Cette vidéo s’imposera probablement comme l’un des temps forts du duel Obama-Clinton.

Cette vidéo est intéressante de plusieurs points de vue.

1. Ce spot s’adresse à l’électorat féminin, essentiel pour Hillary Clinton, alors qu’elle est en difficulté dans la course à l’investiture.

2. Il intervient à un moment clé du duel Obama-Clinton. Cela fait plusieurs semaines que Clinton suggére qu’Obama n’a pas l’expérience. Qu’il n’est pas prêt à exercer les fonctions de Commander in Chief. Le spot est diffusé le jour même ou Clinton tient un meeting à Waco (Texas) avec des vétérans pour mettre en relief sa crédibilité en matiére e sécurité nationale.

3. Cette vidéo a été immédiatement décodée par la presse comme un remake d’un spot publicitaire (« le téléphone rouge ») que l’équipe de campagne du vice-président Walter Mondale avait diffusée pour contrer Gary Hart lors des primaires démcrats en 1984. (Un plan serré sur un téléphone rouge qui sonne au milieu de la nuit, avec en voix off : ). La presse signale que le concepteur de ce spot dans l’équipe de Mondale, Roy Spence, a rejoint l’équipe de campagne de Hillary Clinton aprés la primare dans le New Hampshire.

Comme le spot anti-Hart de 1984, cette vidéo joue sur le ressort de la peur : Dans un monde dangereux, peut on faire confiance à quelqu’un qui n’a pas l’expérience des relations internationales et de la gestion des crises ?

4. Cette vidéo est un symptôme supplémentaire de la « cinématographisation » de la communication politique. Cete vidéo, comme celle de 1984, renvoie à l’imaginaire filmique de la guerre froide, à tous ces films dans lesquels le Président des Etats-Unis doit gérer, quasiment en temps réel, une crise nucléaire. Point limite (Fail Safe)de Sidney Lumet et Docteur Folamour ( Doctor Strangelove) de Stanley Kubrick, notamment.
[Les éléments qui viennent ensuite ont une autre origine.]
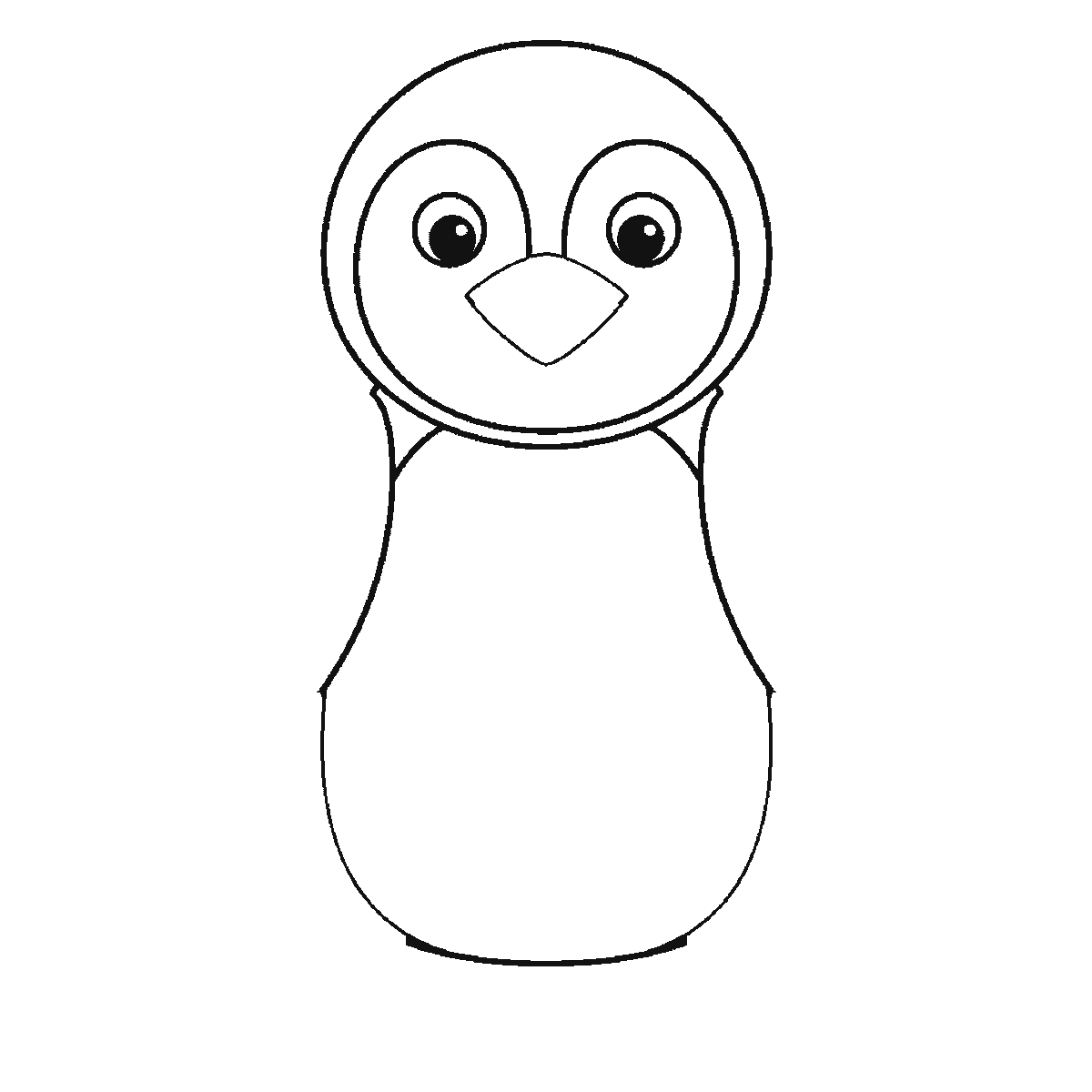 Step 2 of 6: Step-by-step drawing sheet: a penguin standing upright seen from the front, built up over six frames from the body and the complete face — eye patches, eyes and beak — to the head outline, the two flippers one at a time, the webbed feet and the pale front panel, black outlines on white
5. Assez imprégnée aussi par les fictions nucléaires des années 60, cette représentation d’un Président qui doit prendre des décisions majeures « dans l’instant ». Dans la vie réelle, s’il est probable qu’on réveille le Président en pleine nuit, en cas de crise grave, (« There is a situation, Mister President »), le Président n’est pas pour autant sommé de prendre une décision immédiatement. S’il doit prendre des décisions, c’est aprés que ses conseillers et les membres du cabinet aient pris le temps de faire le point sur la situaion et de lui présenter des options. (West Wing, sur ce plan, est plus réaliste que le clip du téléphone rouge. Le Président n’est pas seul, face à la décision, même s’il lui appartient de trancher, le moment venu, en derniére instance.)